A. Background:
Dataset of an online electronic store in 2020 on Kaggle. Tool using: Python and Tableau. Understanding the dataset B. Objective
Strategic Goal: The primary aim is to decode the embedded data narratives to empower the company in sculpting informed business strategies. By asking poignant questions and applying rigorous analysis, the vision is to uncover actionable insights that bolster decision-making processes.
C. Analyzing Summary
D. Execute
What to do?
Uncovered data quality issues and executed cleaning process. Identified peak sales periods and products with the highest sales. Conducted an extensive analysis to determine customer purchasing patterns.
I. Understanding the dataset:
2,633,521 records with 8 variables Table 1: Sample of dataset
Table 2: Describe the dataset
Variables meaning and formating
II. Dealing with missing and error data:
1. Missing data
Figure 1: Missing data percentage
In the graph above, we can see that price and category_id columns have the same number of missing value. Look closely into those missing data rows, it shows some error data in the category_code and brand column: there are many numeric value on these two columns. This seems like an error in input data, those numeric values should be in the price and user_id column → So I move all error data into price and user_id respectively.
After that there are no pattern of other missing value in the dataset.
This is the dataset after modify. The price column is filled up.
Figure 2: Missing data percentage after modification
2. Error data
19,631 rows has the same event_time 1970-01-01 00:33:40 UTC, and do not have user_id. It looks like there might be an error in how the event time was converted from a UNIX format to a format that humans can understand. The suggestion is that instead of "1970," it should be "2020" in the UNIX format. This could indicate a problem with the user interface (UI) in the year 2020, which caused this incorrect date conversion.
In simpler terms, it seems like there's a mistake in the date of these rows, and it might be due to a problem in the computer system's user interface in the year 2020.

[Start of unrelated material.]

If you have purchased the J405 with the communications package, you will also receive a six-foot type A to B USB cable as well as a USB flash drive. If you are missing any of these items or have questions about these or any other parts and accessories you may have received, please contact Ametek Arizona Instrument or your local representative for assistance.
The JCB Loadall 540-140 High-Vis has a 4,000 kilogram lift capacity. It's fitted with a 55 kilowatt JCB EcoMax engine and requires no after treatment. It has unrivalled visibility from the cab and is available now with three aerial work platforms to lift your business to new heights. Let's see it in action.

When we look closely at the event_time column, we can see that the data for the second, third, and fourth days of January, as well as part of November and the entire month of December, is missing. Table 2: Total revenue each day
III. Analyzing
Includes:
Sales Trends: Dissected sales data to pinpoint the best months, days, and hours for sales, revealing that August had the highest revenue despite June having more sales. Category Performance: Delved into category-specific analysis, demonstrating that electronics led revenue generation, accounting for nearly 49% of total sales. Purchasing Patterns: Employed association rule mining to identify frequently bought together items, providing a foundation for strategic product placement and bundled promotions. 1. Date and time best performance:
1.1. Best month to sale:
The graph above shows the best months to sales in the year:
June have the highest number in sales. But August have the highest in total revenue. → Average order value (AOV) of August is higher than June. The chart below shows AOV in each month, we can see that AOV in June is pretty low compare to others.

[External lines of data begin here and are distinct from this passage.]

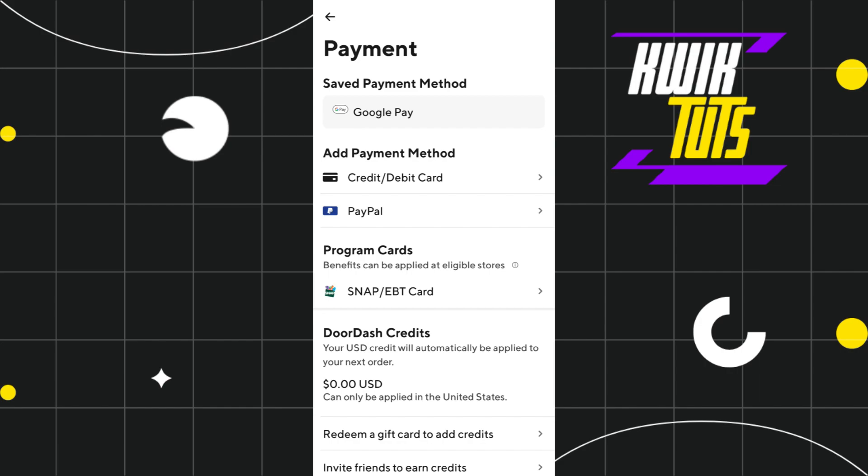So this is how you can easily add various payment methods on DoorDash in 2023. I hope this video was helpful, and if it was, please consider liking this video, sharing it with your friends, and subscribing to my channel. Thank you so much for watching.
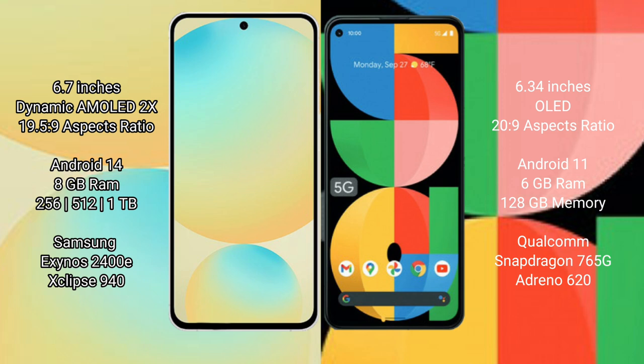Samsung Galaxy S24 FE runs on the Android 14 operating system. Google Pixel 5a runs on the Android 11 operating system. Samsung Galaxy S24 FE has 8GB RAM with 128GB, 256GB, and 512GB internal storage options. Google Pixel 5a has 8GB RAM with 128GB internal storage.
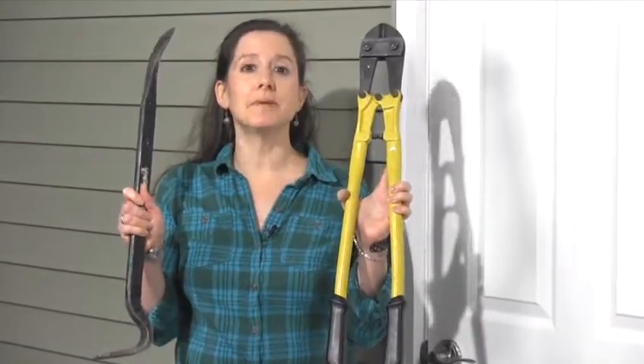Given the right tools and enough time, a determined thief can steal almost anything. But most thieves are looking for easy pickings. Here are three common backyard targets for thieves and what you can do to make it harder for someone to steal your stuff.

→ Let’s break down revenue in each category in the next part
Figure 3: No. of order and Average order value in each month
1.2. Best day in week
Figure 4: Best day in week base on Revenue
The graph above show the best day in the week to sale. We can see that customers tend to prefer shopping on weekend.
1.3. Best hour in day
Figure 5: Best hour in day base on Revenue
In this dataset, it shows that the most active time is in the morning, from 5 am to 12 pm and peak at 10 am.
→ Interpretations make us have some concern. If we have more necessary data, we can deep dive into did they surf in weekdays and decide in weekend or not; is forgein buyer make best hour in day in the morning?

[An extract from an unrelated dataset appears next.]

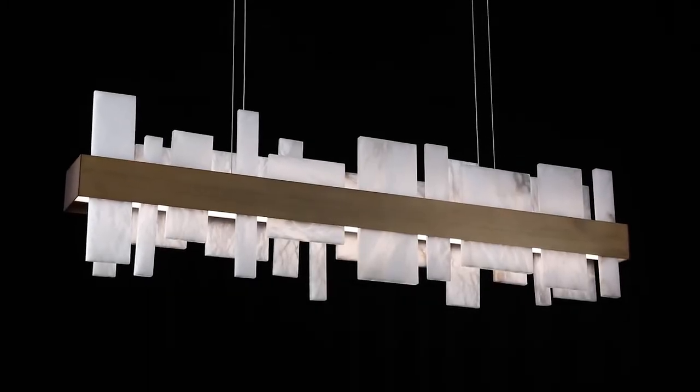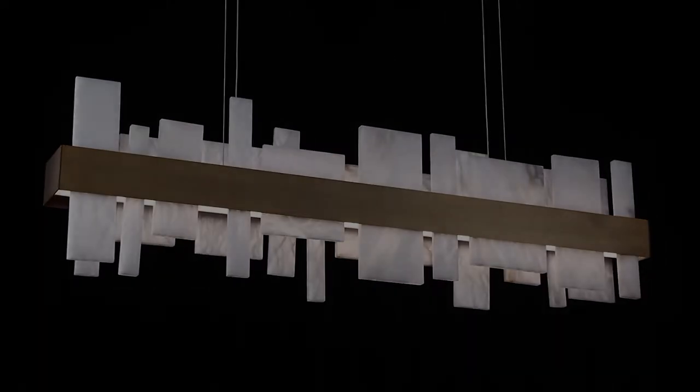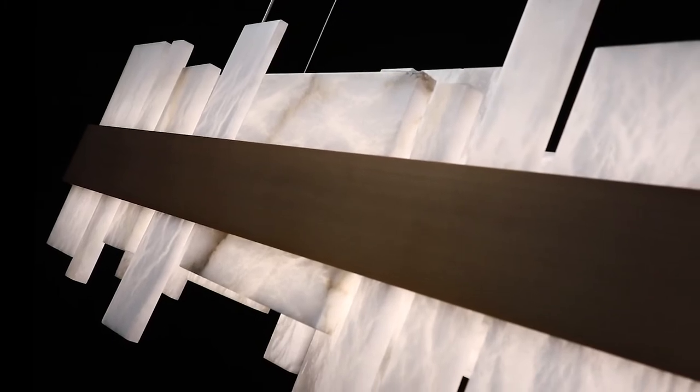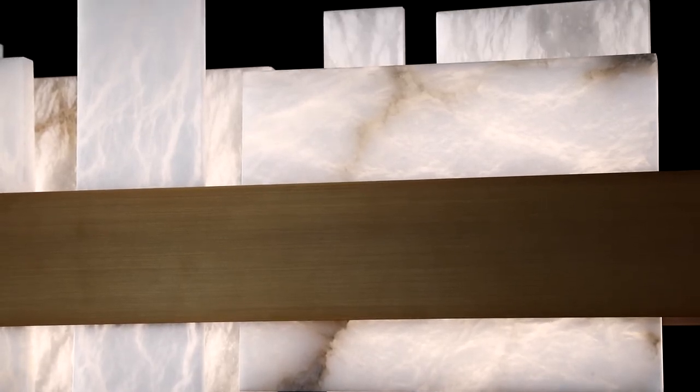From the shining city on a hill, our visual vocabulary gives us a statement piece for the ages. This abstract lightscape features undulating Spanish natural alabaster forms reflected below a luminous aged brass band in peaceful symmetry. Available in aged brass and brushed nickel finishes, each piece is uniquely selected and carved for its inherent beauty and is uniformly illuminated.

But in this dataset I can deep dive into which category should be focus when in June and August have such a different in sale result.
2. Category analyze
Figure 6: Best selling category base on Revenue
Figure 7: Best selling category base on Revenue and Number of Sales in June
Figure 8: Best selling category base on Revenue and Number of Sales in August
As seen in the graph above, in June, Appliances significantly surpassed Electronics in the number of sales, yet the revenue from Appliances was only equivalent to that of Electronics. The Average Order Value (AOV) for the entire month of June also decreased significantly compared to other months, indicating that Appliances products have a lower AOV, which contributed to the overall decrease in June's AOV. This suggests the need for a campaign to boost the AOV for Appliances in general.
3. Frequently bought together
After running FPGrowth algorithm to determine which products are frequently bought together, it returns that among thousand products, only TV and Smartphone are statistical significance.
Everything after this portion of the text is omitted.